A thought (e.g. I'm thinking right now about raindrops) is not the same thing as the real thing being thought about (guess what?  My thought is not wet!  Do you think it must be missing something?).

And don't say "Ah, yes, but they're not digital simulations, because our brains are not digital computers!", because that brings us right back to my point: The fact that, contrary to your claim, a digital process can reproduce, to an arbitrary level of fidelity, a non-digital one.  This is what you appear to be ignoring, because no matter how many times people say it, and how many examples you're given, you continue as though your claim was valid.  It's not.

Just to be crystal clear:
The fact that the brain is not a digital computer does /not/ mean that a digital computer can't model a brain, down to any level of detail you like.

Do you disagree?

If so, please let us know why, because /so many/ real-world applications depend on the factual truth of digital processes being able to model non-digital ones, in as much detail as needed.  If this principle is wrong (despite all appearances), we really need to know!

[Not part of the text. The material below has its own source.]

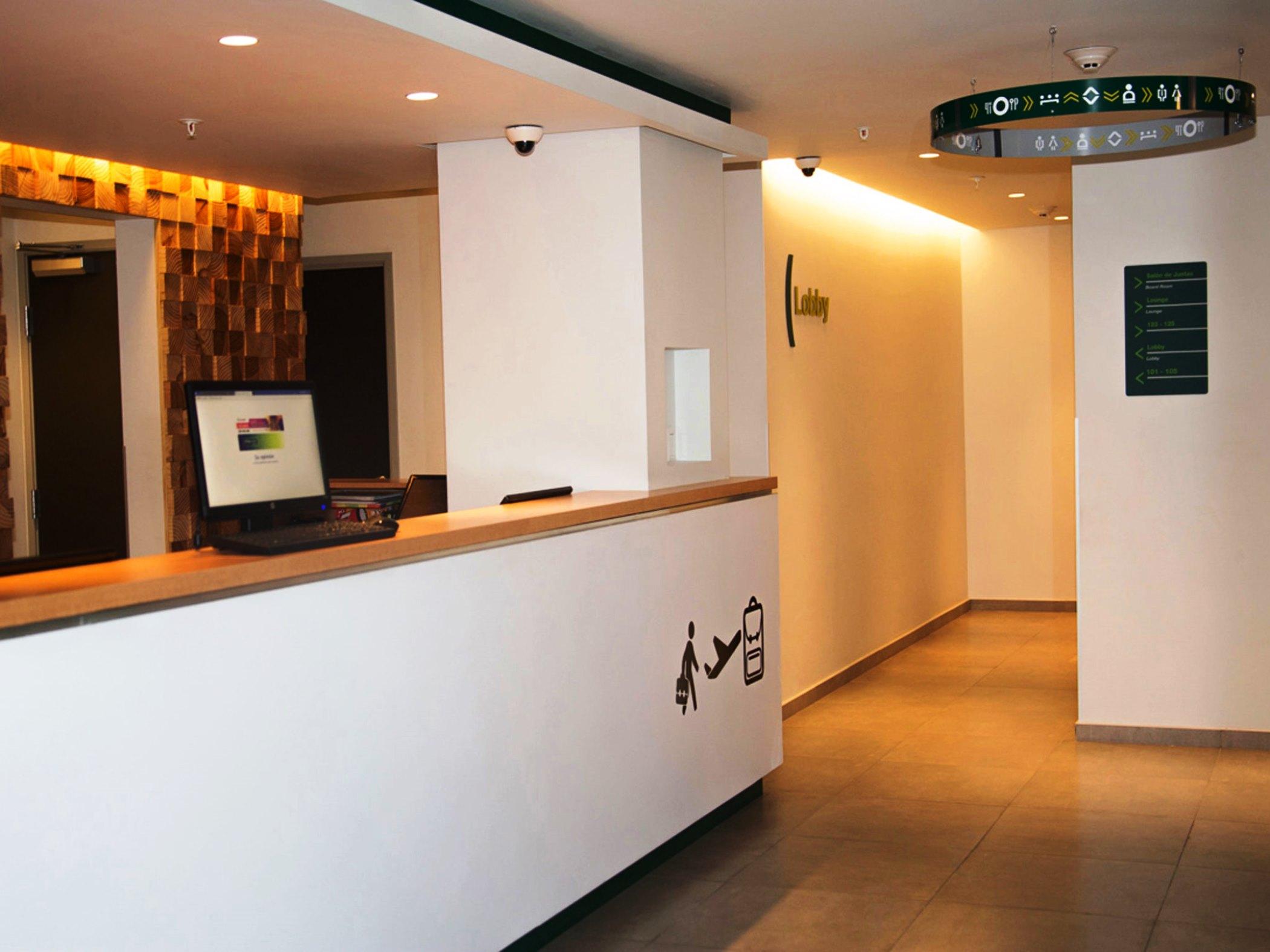 City Express Junior By Marriott Aguascalientes Centro Exteriör bild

There is the possibility, of course, that your argument is not what it appears.  
Maybe it's not that you don't think a brain can be fully realised on a digital computer, but you think that such a brain would be missing some mysterious quality that imparts consciousness.  Something that lies outside of the physical world of matter, energy, time, space and information.  I suppose if you believed that consciousness is a special, separate 'something' like this, rather than the operation of a certain set of complex information processes, there would be no use using logical arguments.  You would be a Vitalist.